Não há tempo, mas é preciso ter soluções. Surge a cobrança um tanto covarde: "treinador ganha bem para isso, ele que se vire". Ele é pago para treinar, preparar o time. Se só resta escolher jogadores como uma seleção, mas sem o "cardápio" tão vasto dentro de uma nacionalidade, o trabalho já está comprometido.

E se o jogador escolhido falhar, seja por deficiência, exaustão ou falta de treino, a culpa também recai sobre o técnico, que ainda precisa gerenciar egos e não perder o vestiário. Tem que assumir a responsabilidade pelo ofício de quem está em campo. Tudo fica mais complexo quando se joga, por exemplo, com linhas mais adiantadas e os movimentos têm que ser precisos.

Por isso requer mais paciência. Entregar um prato elaborado exige tempo e estrutura. Bem diferente de um "fast food" baseado em fechar a casinha, esperar o erro do outro lado e usar o contragolpe ou a bola parada. Estratégia legítima, mas não pode ser a única. Quem pensa futebol de outra maneira deve ter a chance de tentar colocar em prática sua visão.

A última rodada do Brasileiro sinalizou uma possibilidade de mudança de rota: Corinthians e Palmeiras venceram Internacional e Atlético Mineiro com propostas reativas. Nem tanto o São Paulo nos 4 a 1 sobre o Flamengo, mas jogar como "franco-atirador" explorando os erros dos rubro-negros foi confortável para a equipe de Fernando Diniz.

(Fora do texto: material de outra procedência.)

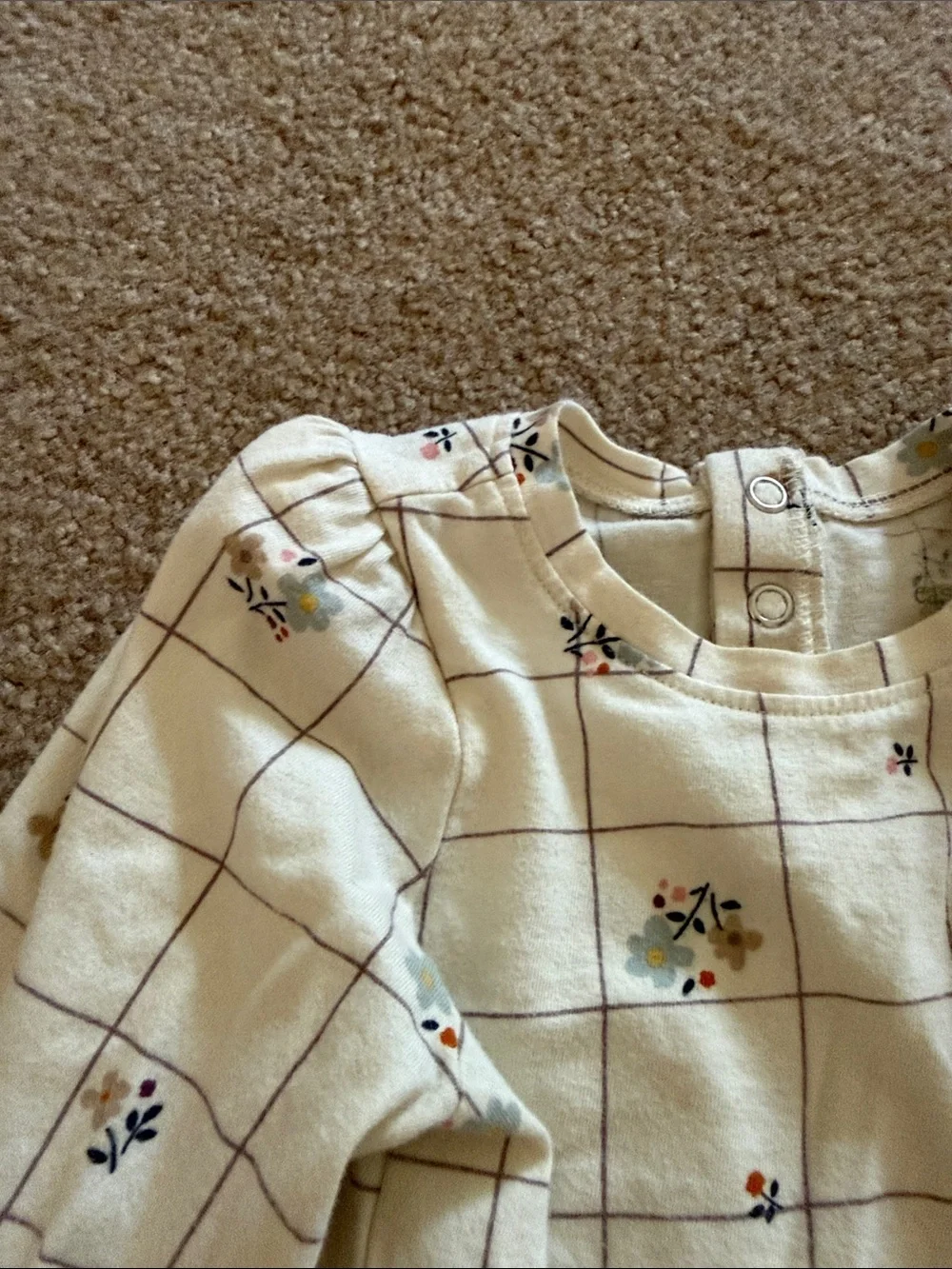 Organic Cream Grid Floral Long-Sleeve Baby Bodysuit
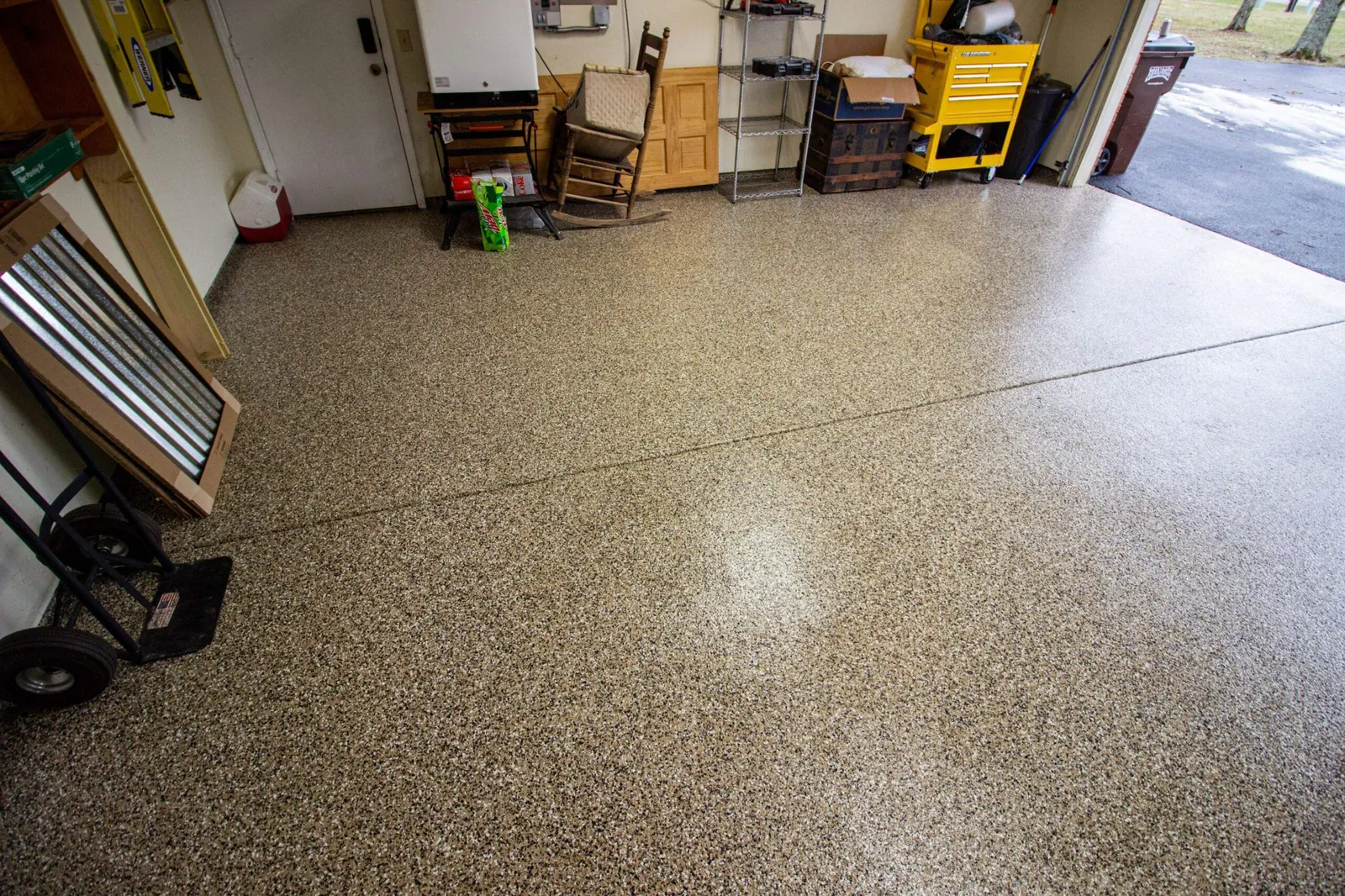 Two-car garage in a tan flake blend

Negar espaços e deixar a posse para o adversário é do jogo, mas não pode ser a saída por ser mais "fácil" e se adequar melhor ao cenário atual. O jogo também é entretenimento e vem evoluindo desde o ano passado. Há um movimento saudável de aliar o desempenho ao resultado. Vencer, mas também divertir.

Para fazer um espetáculo, porém, é necessário ensaiar. E treinadores viraram gerentes, mas aqueles que resolvem problemas por demanda. Apagam incêndios, sem grandes planejamentos. Um dia por vez, jogo a jogo. Para sobreviver. Difícil fazer futebol em alto nível assim.

Qual a solução, então? Este que escreve não sabe responder, só expõe o incômodo. É o dilema a ser resolvido, por Guardiola, Domènec e quem mais tenta fazer diferente e não pode perder este direito.